In Rollie M., 701 P.2d 1123, the court was faced with analyzing the validity of a warrant similar to the one in this case. That warrant authorized the search of "John Doe who is known to be in the vicinity of the above described premises," but it gave no physical description. Id. at 1123. The court held that:
Where the warrant does not specifically name the person to be searched, then some other means reasonable under the circumstances must be used to assist in identifying the person — either his occupation, personal appearance, peculiarities, or place of residence . . . . Here no particularities were given, not even that "John Doe" resided at the premises described in the warrant.

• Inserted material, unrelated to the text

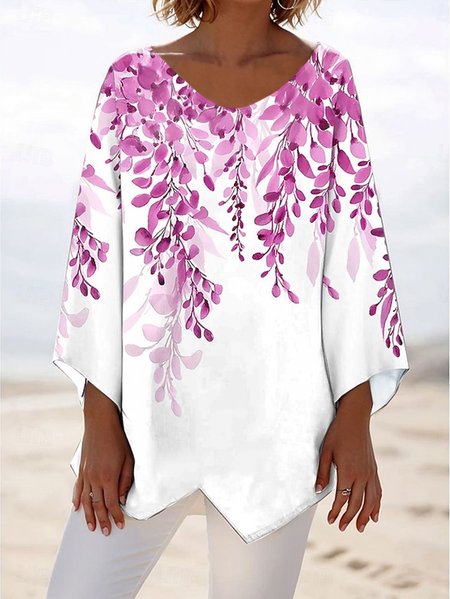 Women Plants Long Sleeve Blouse Spring/Fall V Neck Daily Casual Top, JustFashionNow Shirts, color:Purple|size:3XL,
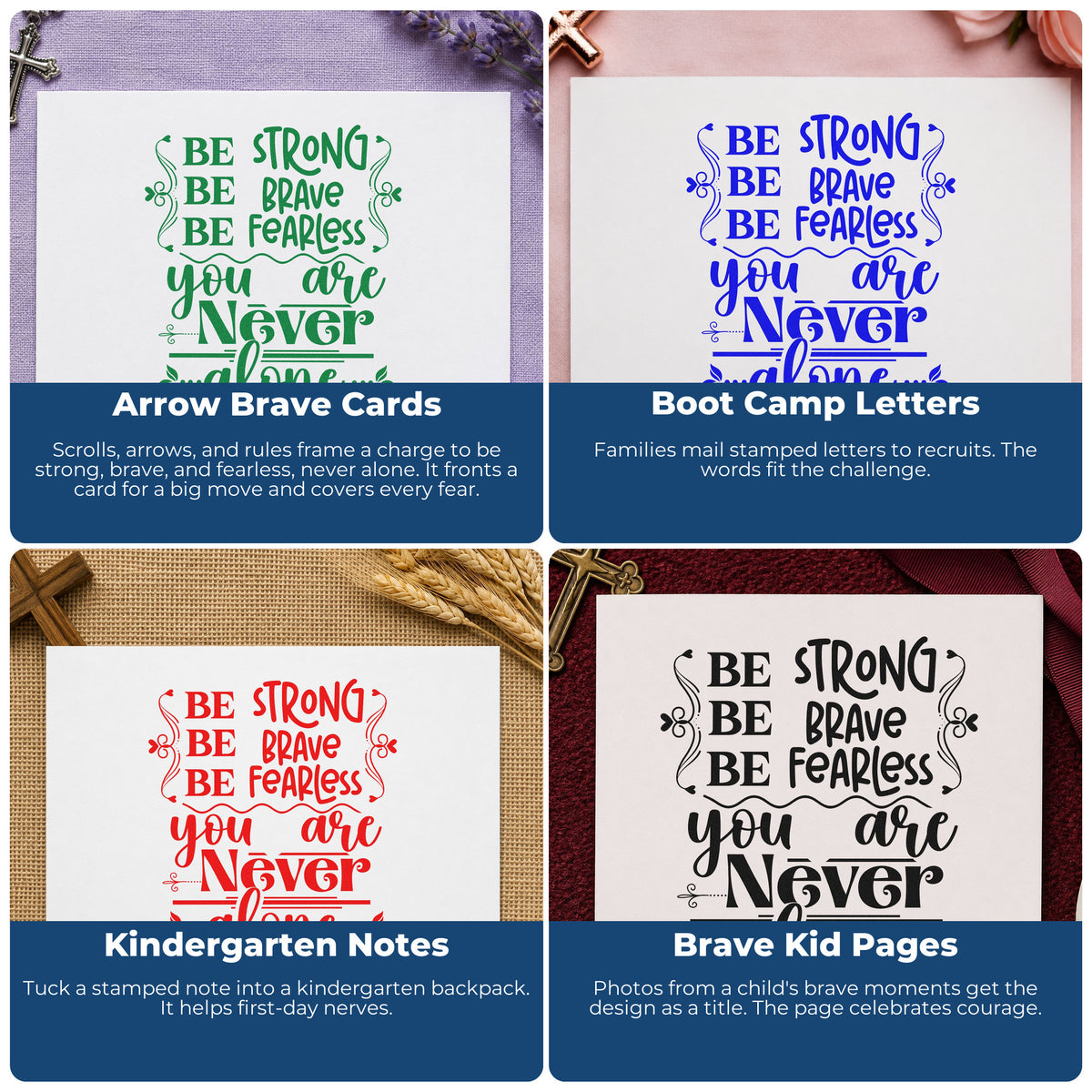 Four ways to use the Never Alone Ornamental Arrow Rubber Stamp – Duo Hand: arrow brave cards, boot camp letters, kindergarten notes and brave kid pages.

Thus, the search of Rollie's person was improper and the trial court erred in failing to suppress the evidence. . . .
Id. at 1125 (citations omitted).
In the present case there was absolutely no means of identifying the person to be searched like height, weight, eye color, type of hair, unusual markings, permanent residence, occupation or personal appearance. To authorize the search of a black male named "Jim" is simply not enough. See People v. Simmons, 155 Ill.Dec. 410, 569 N.E.2d 591.
We affirm.
FIDEL, C.J., and GARBARINO, J., concur.